[RECORDED INFORMATION — start]

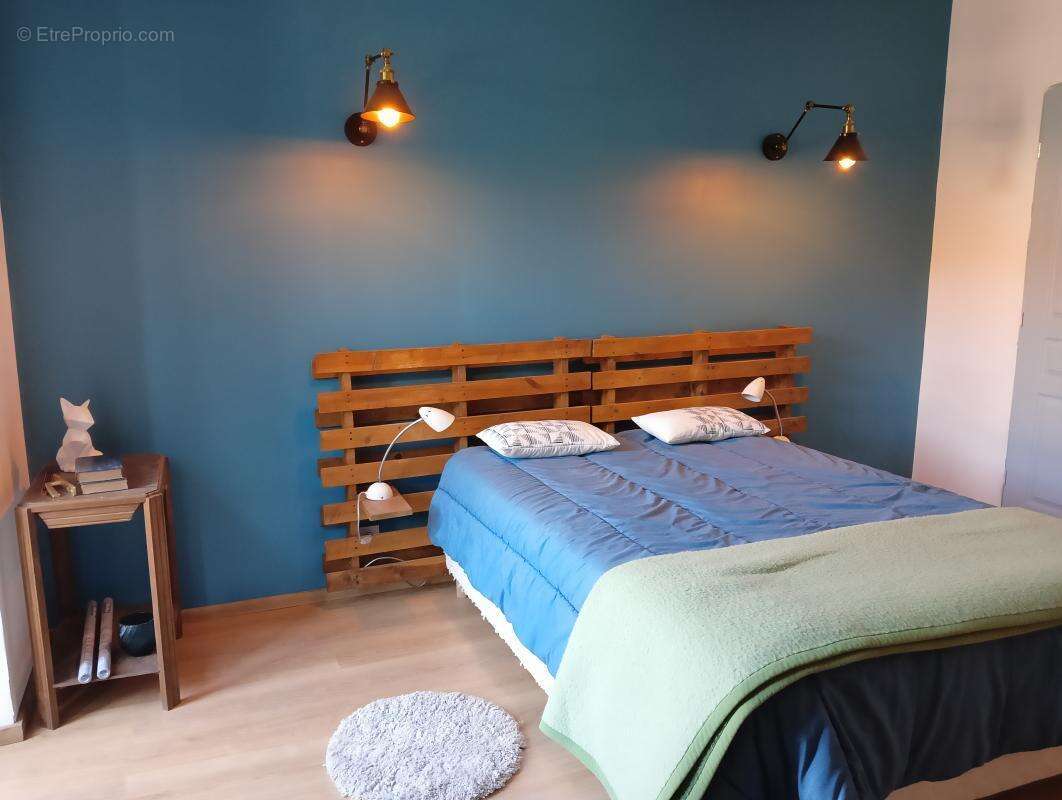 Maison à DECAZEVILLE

[RECORDED INFORMATION — finish]
[RECORDED INFORMATION — start]

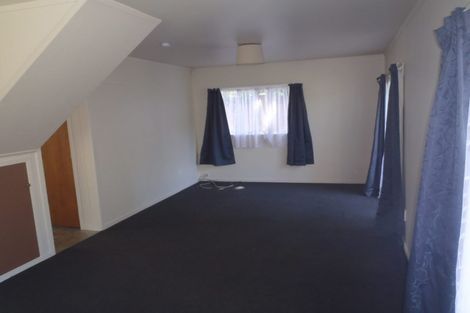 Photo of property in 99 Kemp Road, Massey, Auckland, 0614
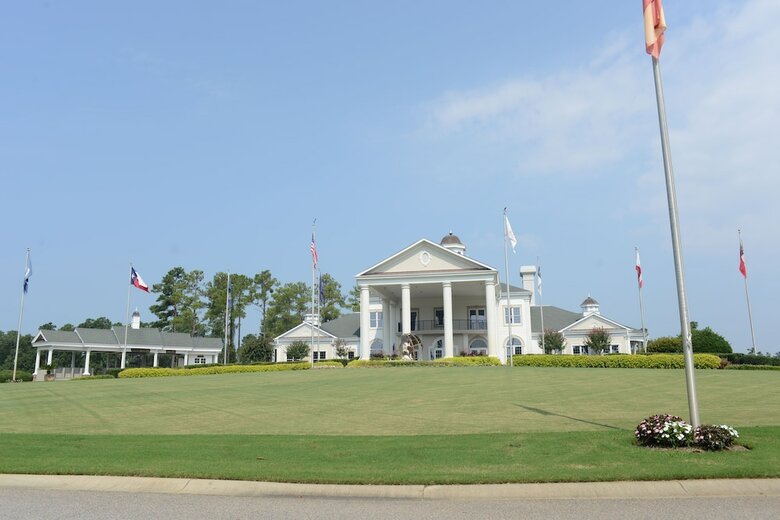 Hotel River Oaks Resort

[RECORDED INFORMATION — finish]

*THE PROBLEM*:
Using the entries above, repeat exactly the lines from the one with "Photo of property" to the one with "Hotel River Oaks Resort", both included, and leave the pictures behind.

*RESPONSE TO THIS EXERCISE*:
 Photo of property in 99 Kemp Road, Massey, Auckland, 0614
 Hotel River Oaks Resort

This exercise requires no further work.